Some example predefined roles:
- Google Workspace or Cloud Identity superadmin - assign organization admin role (point of contact in case of - disaster recovery)
- Organization admin - access to administer all resources belonging to his organization, following the principle of least privilege, this role, by default, does not include the permission to perform other actions
- Organization viewer - view access to all resources
- Folder admin - full control over folders
- Folder creator - browse folder hierarchy and create folders
- Folder viewer - view folders and projects below folder
- Project creator - create and migrate projects (automatically set to owner) within her organization
- Project deleter - delete projects
- Compute Admin - full control of all Compute Engine resources.
- Network Admin - permissions to create, modify and delete network resources, except for firewall rules and SSL - certificates (read only)
- Storage admin - contains permissions to create, modify, and delete disks, images, and snapshots
A policy is a collection of access statements attached to a resource that contains a set of roles and role members, with resources inheriting policies from their parent (child policies cannot restrict access granted at the parent level).
Conditions allow defining and enforcement of conditional, attribute-based access control for resources. With them one can choose to grant resource access to identities, members, only if configured conditions are met. Implemented using Common Expression Language, or CEL, see more here.
There are five different types of members:
- Google accounts (user)
- service accounts (application)
- Google Groups (collection of user accounts or service accounts),
- Google Workspace domains (organization's Internet domain name, such as Example.com)
- Cloud Identity domains (lets you manage users and groups using Google Admin console)
It is recommended to create groups. That way, one just need to add members to a group and new members automatically acquire the permissions of the group (same applies for removing members from a group, which also removes the permissions of that group). Groups should be defined carefully and made more granular than job roles, it is better to use multiple groups for better control.
Note: IAM cannot be used to create or manage users or groups, Cloud Identity or Workspace is used instead for that purpose.
The service account is the identity of the service/application and defines permissions which control the resources the service/application can access. It is both an identity and a resource:
- used as an identity for your application or service to authenticate, e.g. when a Compute Engine VM running as a service account you need to grant the relevant Cloud IAM roles to the service account
- used as a resource to be permissioned to limit who can create VMs using that service account (ServiceAccountUser role used for users trusted to use the service account)
Service accounts differ from user accounts in a few key ways:
- do not have passwords, and cannot log in via browsers or cookies
- associated with public/private RSA key pairs that are used for authentication
- can enable other users or service accounts impersonate a service account
- do not belong to Google Workspace domain
Three types of service accounts:
- all projects come with a built in default service account which is automatically granted editor role on a project
- Google Cloud Platform API service account, designed to run internal Google processes on service/application behalf
There are two types of service account keys:
- GCP managed keys - used by GCP services such as App Engine and Compute Engine, cannot be downloaded and are automatically rotated (used for a maximum of two weeks)
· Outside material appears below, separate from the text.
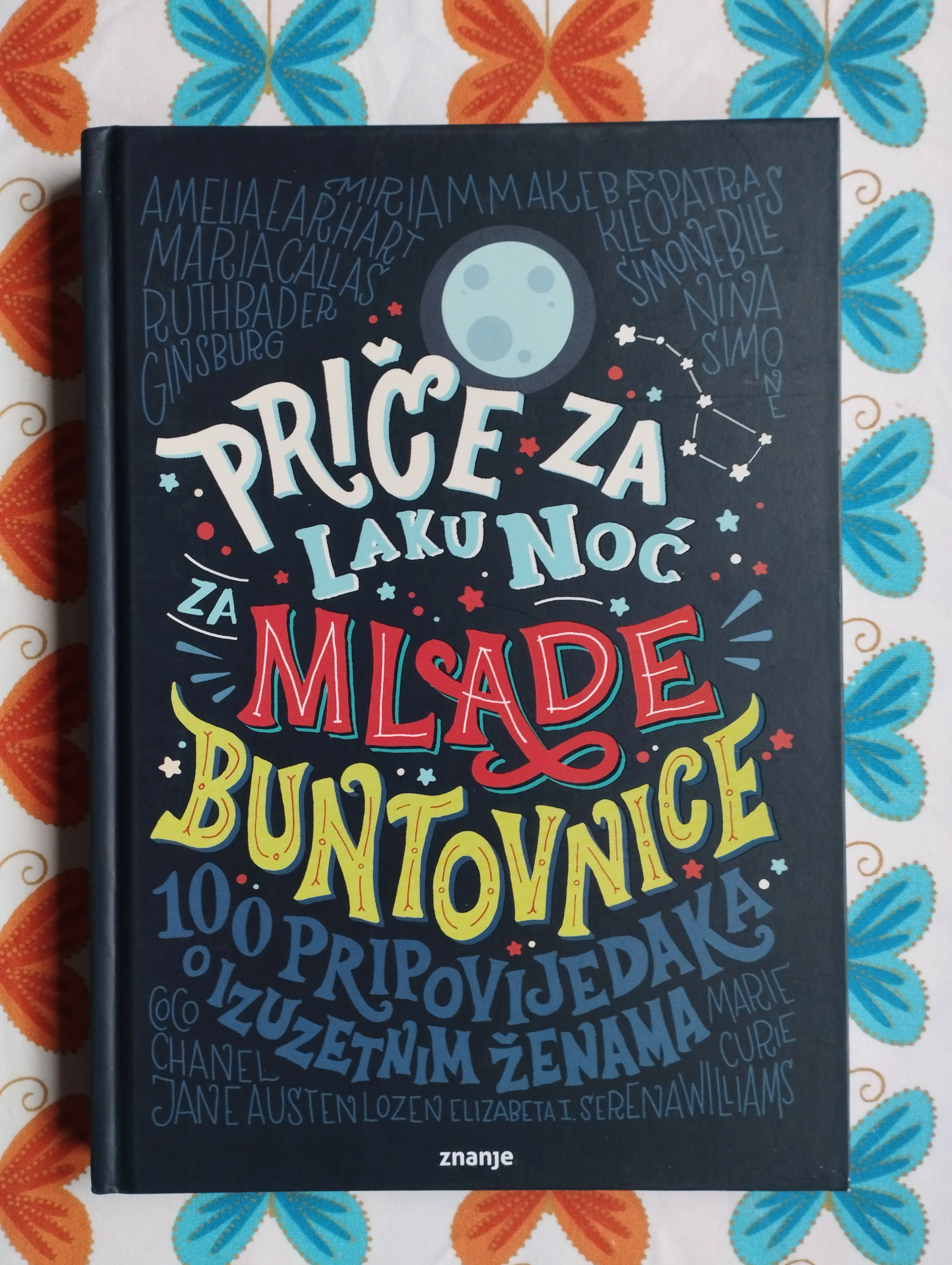 Favilli / Cavallo - Prče za laku noć Mlade buntovnice - cover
- user managed keys - create a new key pair, download the private key (not retained by Google), user is for security of the private key and rotation (via Cloud IAM API, gcloud command-line tool, or the service accounts page in the Cloud Console), up to 10 key-pairs per service account to support key rotation
To minimize the potential risk caused by unmanaged keys, use Cloud Key Management Service (Cloud KMS) to help securely manage keys.
Access scopes are a legacy method of specifying permissions for a VM, before the existence of IAM roles. It is now prederred to use IAM roles for user created service accounts. Scopes are used to determine whether an authenticated identity is authorized. Scopes can be customized when creating an instance using the default service account (Storage, BigQuery, etc...).
Activity Analyzer can be use to see when service accounts and keys were last used to call a Google API.
Service account insights can be used to find service accounts that have not been used for the past 90 days.
Cloud Monitoring can provide usage metrics for service accounts and service account keys.
Note: service account can also be used from services external to Google Cloud, download a service account key when creating the service account and then use that key from the external process to call the Cloud Platform APIs.
More info about service accounts here.
Place where majority of Google Cloud services write audit logs that record administrative activities and accesses within Google Cloud resources. Logs can help answer "who did what, where, and when?". They help security, auditing, and monitoring for possible vulnerabilities or external data misuse and it is recommended for them to be enabled.
More info here.
Managed Identity as a Service (IDaaS). An administrator can use Cloud Identity to manage users, apps, and devices from a central location.
Cloud Directory Sync can synchronize (one way, origin is never modified) users and groups from existing active directory or LDAP system with users and groups in Cloud Identity domain.
Can continue using existing system and processes with SSO configured. When authentication is required, Google will redirect to existing system. If the user is authenticated in existing system, access to Google Cloud is given. Otherwise, the user is prompted to sign in. If existing authentication system supports SAML 2 SSO, configuration is as simple as three links and a certificate.
More info here and sketchnote.
Enables establishing of a central authorization layer for applications accessed by HTTPS (App Engine standard environment, App Engine flexible environment, Compute Engine, and GKE) instead of relying on network level firewalls. Applications and resources can only be accessed through the proxy by users and groups with the correct Cloud IAM role.
IAP TCP forwarding allows establishing an encrypted tunnel over which SSH, RDP, and other traffic to private VM instances (without external IP address) is forwarded. In order to connect to private instance through IAP, need to open an appropriate port on the firewall. IAP connections come from a specific set of IP addresses (35.235.240.0/20), hence, can limit firewall rule to this CIDR range only.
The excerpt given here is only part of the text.